Records from a collection:

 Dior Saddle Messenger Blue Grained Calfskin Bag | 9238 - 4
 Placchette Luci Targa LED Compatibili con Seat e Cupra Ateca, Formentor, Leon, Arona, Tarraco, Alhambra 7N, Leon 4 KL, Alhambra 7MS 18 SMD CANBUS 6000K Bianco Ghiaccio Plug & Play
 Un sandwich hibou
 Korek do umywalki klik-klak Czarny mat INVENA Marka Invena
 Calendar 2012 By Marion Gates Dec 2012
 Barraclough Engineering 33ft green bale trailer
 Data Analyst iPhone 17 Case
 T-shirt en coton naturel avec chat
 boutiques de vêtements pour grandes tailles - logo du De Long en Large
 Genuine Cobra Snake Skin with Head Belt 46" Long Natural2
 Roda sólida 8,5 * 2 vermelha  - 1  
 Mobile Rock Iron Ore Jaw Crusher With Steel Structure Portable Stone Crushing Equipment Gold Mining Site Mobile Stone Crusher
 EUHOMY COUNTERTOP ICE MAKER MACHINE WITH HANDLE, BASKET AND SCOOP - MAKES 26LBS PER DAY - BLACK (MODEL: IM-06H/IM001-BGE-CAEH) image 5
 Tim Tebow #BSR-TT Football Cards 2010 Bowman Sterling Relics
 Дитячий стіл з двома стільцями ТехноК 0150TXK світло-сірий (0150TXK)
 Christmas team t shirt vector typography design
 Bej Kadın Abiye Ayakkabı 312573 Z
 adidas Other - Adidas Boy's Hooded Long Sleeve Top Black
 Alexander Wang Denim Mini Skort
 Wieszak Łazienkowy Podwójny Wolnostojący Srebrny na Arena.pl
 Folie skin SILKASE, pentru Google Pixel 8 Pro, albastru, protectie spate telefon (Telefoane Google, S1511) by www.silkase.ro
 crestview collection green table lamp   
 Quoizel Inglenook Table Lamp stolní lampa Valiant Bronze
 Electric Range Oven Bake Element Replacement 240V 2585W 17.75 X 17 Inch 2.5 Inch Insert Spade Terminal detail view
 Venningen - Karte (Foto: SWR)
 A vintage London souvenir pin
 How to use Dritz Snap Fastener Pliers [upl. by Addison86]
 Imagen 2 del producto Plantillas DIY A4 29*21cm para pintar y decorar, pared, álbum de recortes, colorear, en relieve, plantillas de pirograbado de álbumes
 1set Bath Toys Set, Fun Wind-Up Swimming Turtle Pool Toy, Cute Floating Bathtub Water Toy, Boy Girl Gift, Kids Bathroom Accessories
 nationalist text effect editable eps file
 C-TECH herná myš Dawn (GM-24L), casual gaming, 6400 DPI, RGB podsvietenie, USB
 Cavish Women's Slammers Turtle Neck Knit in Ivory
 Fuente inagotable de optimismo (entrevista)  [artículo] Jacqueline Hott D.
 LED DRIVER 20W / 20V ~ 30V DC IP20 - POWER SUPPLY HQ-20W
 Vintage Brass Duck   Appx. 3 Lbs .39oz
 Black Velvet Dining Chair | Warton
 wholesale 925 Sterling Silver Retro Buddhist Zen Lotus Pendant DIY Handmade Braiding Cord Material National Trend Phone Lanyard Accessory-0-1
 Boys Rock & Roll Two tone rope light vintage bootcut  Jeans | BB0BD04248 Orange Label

The problem:
Please copy out every line shown above, exactly.

Completed exercise:
 Dior Saddle Messenger Blue Grained Calfskin Bag | 9238 - 4
 Placchette Luci Targa LED Compatibili con Seat e Cupra Ateca, Formentor, Leon, Arona, Tarraco, Alhambra 7N, Leon 4 KL, Alhambra 7MS 18 SMD CANBUS 6000K Bianco Ghiaccio Plug & Play
 Un sandwich hibou
 Korek do umywalki klik-klak Czarny mat INVENA Marka Invena
 Calendar 2012 By Marion Gates Dec 2012
 Barraclough Engineering 33ft green bale trailer
 Data Analyst iPhone 17 Case
 T-shirt en coton naturel avec chat
 boutiques de vêtements pour grandes tailles - logo du De Long en Large
 Genuine Cobra Snake Skin with Head Belt 46" Long Natural2
 Roda sólida 8,5 * 2 vermelha  - 1  
 Mobile Rock Iron Ore Jaw Crusher With Steel Structure Portable Stone Crushing Equipment Gold Mining Site Mobile Stone Crusher
 EUHOMY COUNTERTOP ICE MAKER MACHINE WITH HANDLE, BASKET AND SCOOP - MAKES 26LBS PER DAY - BLACK (MODEL: IM-06H/IM001-BGE-CAEH) image 5
 Tim Tebow #BSR-TT Football Cards 2010 Bowman Sterling Relics
 Дитячий стіл з двома стільцями ТехноК 0150TXK світло-сірий (0150TXK)
 Christmas team t shirt vector typography design
 Bej Kadın Abiye Ayakkabı 312573 Z
 adidas Other - Adidas Boy's Hooded Long Sleeve Top Black
 Alexander Wang Denim Mini Skort
 Wieszak Łazienkowy Podwójny Wolnostojący Srebrny na Arena.pl
 Folie skin SILKASE, pentru Google Pixel 8 Pro, albastru, protectie spate telefon (Telefoane Google, S1511) by www.silkase.ro
 crestview collection green table lamp   
 Quoizel Inglenook Table Lamp stolní lampa Valiant Bronze
 Electric Range Oven Bake Element Replacement 240V 2585W 17.75 X 17 Inch 2.5 Inch Insert Spade Terminal detail view
 Venningen - Karte (Foto: SWR)
 A vintage London souvenir pin
 How to use Dritz Snap Fastener Pliers [upl. by Addison86]
 Imagen 2 del producto Plantillas DIY A4 29*21cm para pintar y decorar, pared, álbum de recortes, colorear, en relieve, plantillas de pirograbado de álbumes
 1set Bath Toys Set, Fun Wind-Up Swimming Turtle Pool Toy, Cute Floating Bathtub Water Toy, Boy Girl Gift, Kids Bathroom Accessories
 nationalist text effect editable eps file
 C-TECH herná myš Dawn (GM-24L), casual gaming, 6400 DPI, RGB podsvietenie, USB
 Cavish Women's Slammers Turtle Neck Knit in Ivory
 Fuente inagotable de optimismo (entrevista)  [artículo] Jacqueline Hott D.
 LED DRIVER 20W / 20V ~ 30V DC IP20 - POWER SUPPLY HQ-20W
 Vintage Brass Duck   Appx. 3 Lbs .39oz
 Black Velvet Dining Chair | Warton
 wholesale 925 Sterling Silver Retro Buddhist Zen Lotus Pendant DIY Handmade Braiding Cord Material National Trend Phone Lanyard Accessory-0-1
 Boys Rock & Roll Two tone rope light vintage bootcut  Jeans | BB0BD04248 Orange Label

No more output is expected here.